Publicado em 12 de novembro de 2020 às 12h10.

Última atualização em 12 de novembro de 2020 às 12h54.

Transformação tornou-se um termo batido no mundo dos negócios. Cada vez mais temos visto um uso genérico desse termo em projetos pontuais, seja algo relacionado à digitalização de processos, redução de custos ou entrada em novos negócios. Tudo parece caber hoje dentro da definição de transformação.

Na nossa perspectiva, uma verdadeira transformação é um programa amplo, de impacto significativo e sustentável. Um ponto essencial na história de uma empresa e que marca uma inflexão na sua trajetória. Uma transformação nunca deve ser o objetivo final, mas sim um meio para que a empresa atinja suas metas.

Mas 70% das transformações falham. E dentre as 30% que têm sucesso, há uma grande dispersão de performance. As transformações do 1º quartil deste grupo seleto entregam 4-5 vezes mais impacto em valor criado para acionistas do que as demais. O que determina o sucesso ou o fracasso de uma transformação? O que diferencia as transformações mais bem- sucedidas das demais?

Desde a criação da Prática de Transformações da McKinsey, temos nos debruçado sobre essas perguntas. Ao longo da última década, tivemos a oportunidade de apoiar nossos clientes em centenas de transformações ao redor do mundo, sendo mais de 50 aqui no Brasil. E também acompanhar inúmeros CEOs que lideraram grandes programas de mudança. Poderíamos escrever um livro sobre o assunto. Obviamente há uma combinação de fatores-chave, mas vale destacar um que consideramos absolutamente crítico: o papel do CEO.

Dentre as características comuns a CEOs que lideraram as transformações de maior sucesso, vale mencionar algumas, de forma não exaustiva:

É comum executivos estabelecerem metas que não refletem o potencial total da empresa. Primeiro porque é muito difícil que as empresas tenham as melhores práticas em tudo que fazem, e os executivos “não sabem o que não sabem”. Segundo porque nossa cultura empresarial acaba incentivando o famoso “prometer menos para entregar mais”.

É papel do CEO provocar e testar o limite de até onde se pode chegar numa transformação.

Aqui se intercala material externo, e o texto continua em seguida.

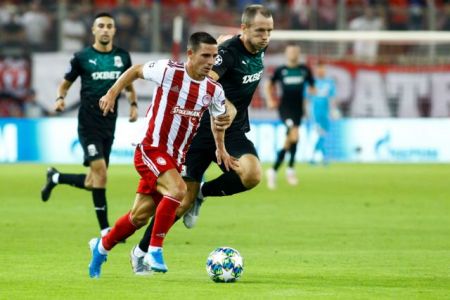 Live : Κράσνονταρ – Ολυμπιακός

Isso implica buscar benchmarks em outras indústrias e outras geografias, comparar-se com os exemplos mais disruptivos do mercado, e estar em constante desconforto buscando ser o melhor.

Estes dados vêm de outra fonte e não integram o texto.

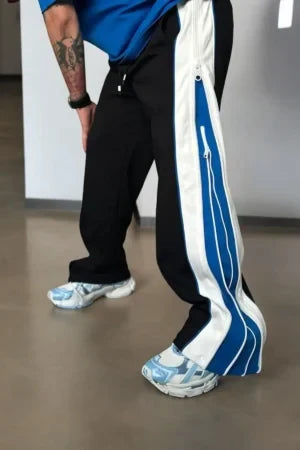 VANZI Phantom Zipline Pants – Blue Edition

Os líderes das transformações bem-sucedidas muitas vezes impõem um exercício estruturado para entender o potencial pleno da empresa e assim chegar a metas ambiciosas, mas realistas. E, na média, as metas estabelecidas em uma transformação bem-sucedida são 2,7 vezes superiores às metas iniciais definidas pelo próprio time de gestão. Esse é o tamanho do desafio.

Não existe transformação de uma empresa sem a transformação das pessoas. E isso passa necessariamente por mudanças de mentalidades e de comportamentos. E para que as pessoas mudem, quatro coisas devem acontecer: elas têm que entender o porquê da mudança (o que chamamos de “História da Transformação”); elas precisam ter as ferramentas para mudarem; serem incentivadas para tal; e por último, o famoso “ role modelling ”- que os seus pares e líderes também estejam praticando essas mudanças.

Ou seja, numa transformação, o líder precisa se conectar com os colaboradores, tocar seus corações e garantir que todos estejam caminhando na mesma direção.

Mas isso é mais desafiador do que parece: em uma pesquisa recente que fizemos, descobrimos que 86% dos líderes se veem como inspiradores para seus times, mas somente 18% das pessoas enxergam esses mesmos líderes como inspiradores. O trabalho a ser feito passa por ouvir melhor o que chega das equipes, estar aberto a feedback, criar empatia e, acima de tudo, conectar-se com a ponta. Só assim um líder pode ser capaz de inspirar, de fato, a organização e fomentar a transformação das pessoas.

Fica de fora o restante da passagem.